Lá não existem disciplinas, os alunos não são divididos por classes e eles podem escolher quais assuntos desejam estudar, organizando-se em grupos de estudo formados por crianças de todas as idades e com um plano de aula elaborado por eles mesmos. Aos professores, cabe assessorá-los na busca do conhecimento.
A educadora portuguesa Fátima Pacheco, que junto ao marido idealizou essa nova forma de ensinar, esteve em Londrina semana passada e conversou com a FOLHA. Para ela, o caminho para se chegar a essa ''escola dos sonhos'' pode ser lento e ter muitos entraves. Mas é uma resposta ao modelo tradicional que trata todos os alunos como se fossem iguais, enquanto cada um tem seu ritmo e interesses particulares.
Como a Escola da Ponte chegou a esse modo de ensino?
Fazendo, errando, estudando, fazendo, errando, estudando outra vez, avaliando, corrigindo. E sempre em um processo de ir e vir. A partir do momento que eu paro, (o trabalho) deixa de ter valor. Deve-se estar sempre em formação, e tudo por meio da discussão que a própria equipe de professores faz entre si e com a comunidade. Há instituições que podem colaborar com a escola e a escola pode colaborar com outras instituições. A escola não pode ser uma ilha.
Como foi o período de adaptação? Os professores ainda ficam presos ao modelo antigo de ensino?
Todas as pessoas são presas a modelos antigos. Toda mudança é muito difícil. A nossa mudança foi gradual. (A adaptação) se deu com pesquisa, tentativa e erro e partilha das dificuldades. Os problemas nos fazem ficar em inércia ou nos atiram para frente, e eles têm que ser o ponto de partida para fazer qualquer coisa, e não o ponto de chegada e de parada. E a partilha de pequenas vitórias também. Não há só dificuldades, também há pequenas vitórias.
Todas as escolas são iguais em todo o mundo. Elas foram criadas na era industrial, para criar hábitos: levantar cedo, ir para o trabalho. E continuamos a manter uma escola com essas características quando a industrialização já está avançada. Quando tudo acontece muito rápido, continuamos a formatar as crianças em um ritmo que não é o ritmo de hoje.
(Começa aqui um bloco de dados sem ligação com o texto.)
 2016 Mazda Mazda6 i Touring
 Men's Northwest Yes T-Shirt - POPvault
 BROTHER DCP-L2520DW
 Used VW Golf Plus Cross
Por que havia a necessidade de fazer algo diferente dessa escola tradicional?
Havia crianças que eram reunidas todas em uma turma só, das que não progrediam. Quando uma criança vai para uma escola com um rótulo, essa escola já vai trabalhar em função do seu rótulo. Não vai pedir dela o máximo que ela pode fazer, vai pedir dela aquilo que o rótulo diz. É possível lutar contra isso. É possível criar mecanismos para pedir a todos o melhor de si, e o melhor de si não é igual para todos.
Quer dizer, respeitar as individualidades
Temos que deixar desabrochar na criança aquilo no que ela tem mais capacidade. Tem muita gente que sabe dançar, outros sabem cantar; mas para tudo isso geralmente se diz: ''Não siga esta carreira, porque não dá dinheiro''. É possível conciliar as duas coisas, sem desvalorizar uns em função dos outros.
Se nós formos dar só importância à capacitação acadêmica, qualquer dia, se quisermos roupa, não teremos quem faça. Se quisermos construir uma casa, não teremos quem construa. Nós desvalorizamos continuamente todo trabalho que é manual, toda escolarização profissionalizante, e isso também tem que ser valorizado.
Como as escolas podem colocar em prática mudanças como essas?
Fazendo. Como é que aprendemos a andar? Andando. Aprendemos a falar, falando. E quando se pega em um livro e se estuda, estudamos porque temos algo que nos angustia. Por que um professor também não pode estudar quando tem um problema que os angustia?
É possível qualquer escola seguir esse caminho?
Toda e qualquer escola pode seguir ''um'' caminho, cada uma o seu caminho.